Developers also need criteria for determining appropriate student behavior on the assessment: Will students be expected to come up with conjectures on their own, for example, or will they be given some guidance, perhaps identification of a faulty conjecture, which can then be replaced by a better one? Will they be asked to write a convincing argument? Will they be expected to explain their conjecture to a colleague or to the teacher? What level of conjecture and argument will be deemed satisfactory for these tasks? A complete framework might also include standards for student performance (i.e., standards in harmony with the desired curriculum).

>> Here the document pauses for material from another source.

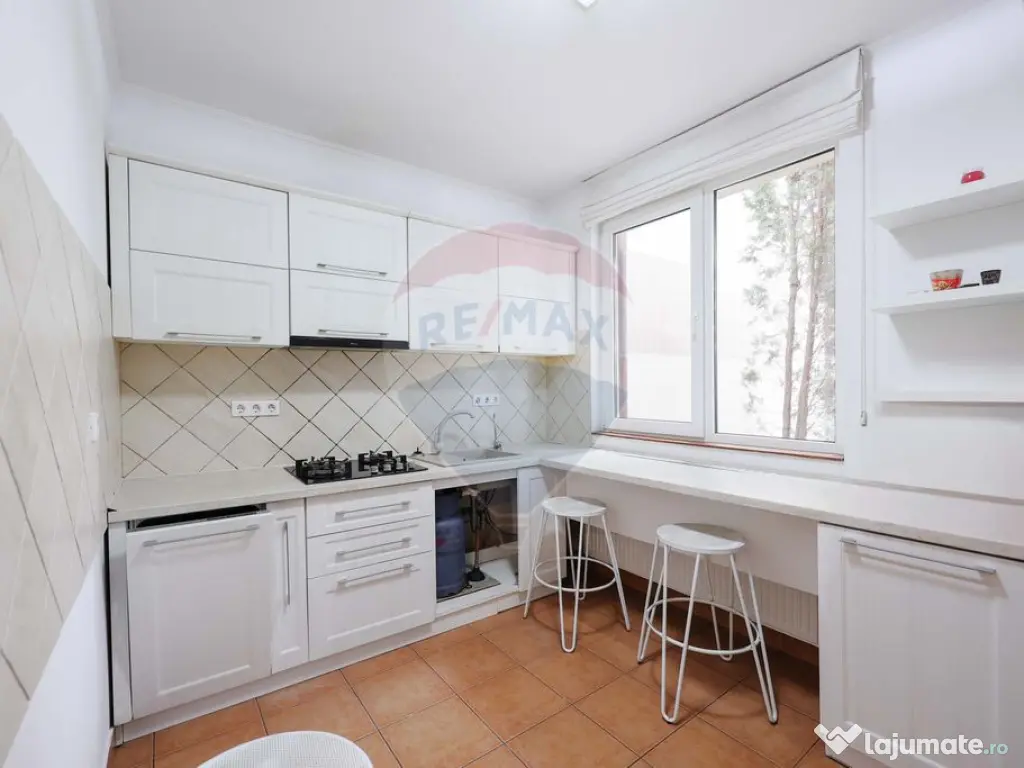 De Vânzare Casă cu 4 camere, Str. Arinului, Zona Dealur...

Very few examples of such assessment frameworks currently exist. Until there are more, educators are turning to curriculum frameworks, such as those developed by state departments of education
across the country, and adapting them for assessment purposes. The state of California, for example, has a curriculum framework that asserts the primacy of developing mathematical power for all students: "Mathematically powerful students think and communicate, drawing on mathematical ideas and using mathematical tools and techniques."^{7} The framework portrays the content of mathematics in three ways:

Strands (such as number, measurement, and geometry) run throughout the curriculum from kindergarten through grade 12. They describe the range of mathematics to be represented in the curriculum and provide a way to assess its balance.

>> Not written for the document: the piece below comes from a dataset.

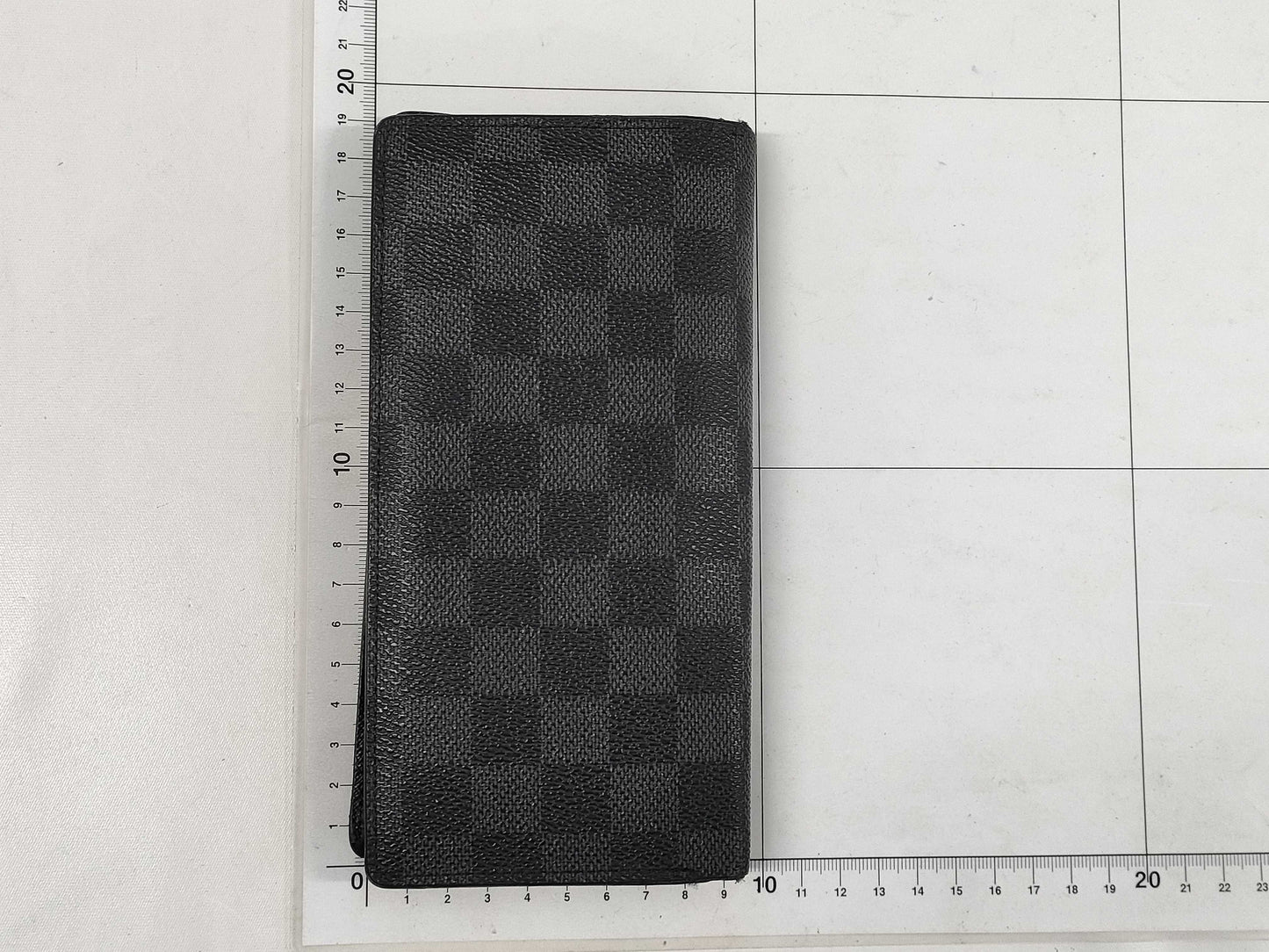 LOUIS VUITTON Damier Graphite N62665 Portefeuille Brazza Wallet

Unifying ideas (such as proportional relationships, patterns, and algorithms) are major mathematical ideas that cut across strands and grades. They represent central goals for learning and set priorities for study, bringing depth and connectedness, to the student's mathematical experience.

Units of instruction (such as dealing with data, visualizing shapes, and measuring inaccessible distances) provide a means of organizing teaching. Strands are commingled in instruction, and unifying ideas give too big a picture to be useful day to day. Instruction is organized into coherent, manageable units consisting of investigations, problems, and other learning activities.
Through the California Learning Assessment System, researchers at the state department of education are working to create new forms of assessment and new assessment tasks to match the curriculum framework.^{8}
Further exploration is needed to learn more about the development and appropriate use of assessment frameworks in mathematics education. Frameworks that depict the complexity of mathematics enhance assessment by providing teachers with better targets for teaching and by clearly communicating what is valued to students, their parents, and the general public.^{9} Although an individual assessment may not treat all facets of the framework, the collection of assessments needed to evaluate what students are learning should be comprehensive. Such completeness is necessary if assessments are to provide the right kind of leadership for educa
tional change. If an assessment represents a significant but small fraction of important mathematical knowledge and performance, then the same assessment should not be used over and over again. Repeated use could inappropriately narrow the curriculum.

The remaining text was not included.